Parents often ask if two students can use the same electronics kit.

Ideally each child should have their own, unique kit.

Here are more details:

Regarding the electronics kit:

The Electronics Essentials kit is designed for one student. While there are enough parts for two students to build the small projects that occur early in the year, there will only be enough parts for one student as we get into more detailed circuits.

However, all the parts in the Electronics Essentials kit are reusable. If you buy a single kit, one child could build the circuit, get it working, and take it apart….then the other child could build the circuit by watching the recording.

But, if you want both kids to build projects during the live class, you’ll need two kits.

Here is the link to the Electronics Essentials kit:

Regarding the parts boxes:

By the way, I highly recommend that you purchase the two parts boxes either together with your kit order or directly from Harbor Freight.

If you do buy two full Electronics Essentials kits, other parents have reported that they can fit two full sets of parts into one pair of boxes.

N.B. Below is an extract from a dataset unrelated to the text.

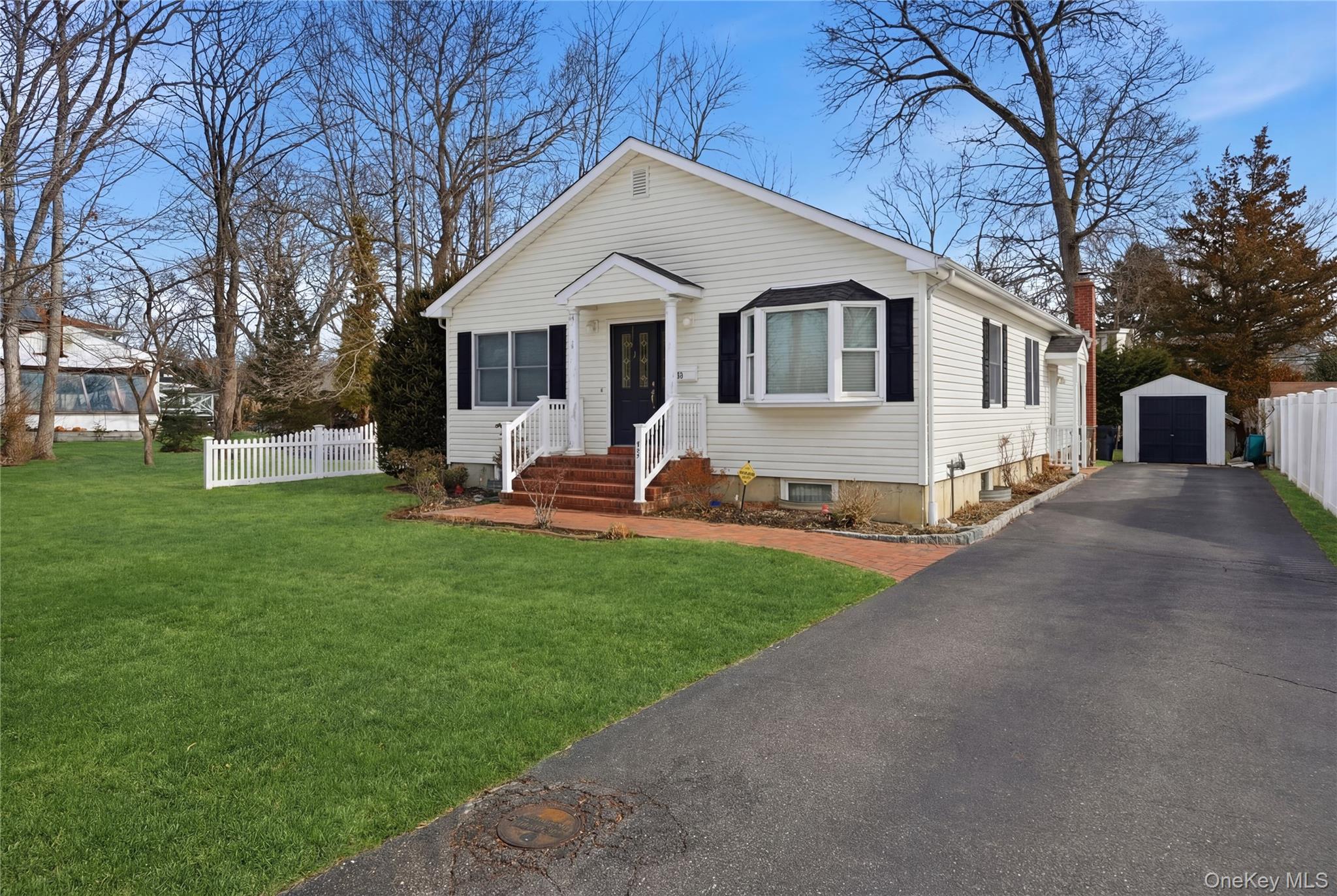 #2 photo, 43 Ridgeway Boulevard, Bay Shore , NY 11706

Regarding the digital multimeter:

You will need at least one digital multimeter for use during the class. You can either add one to your order or purchase a meter from other sources. By the way, parents find that two students can share one digital multimeter.

Regarding the Soldering Basics Kit:

You’ll notice that we offer a Soldering Basics Kit. This kit used during pre-recorded lessons on electronics soldering and is not needed for the live classes. (The soldering lessons are available under Unit 25).

Soldering is a process that permanent attaches the electronic parts onto a circuit board. So, if you would like your kids to learn soldering, they will each need their own soldering kit.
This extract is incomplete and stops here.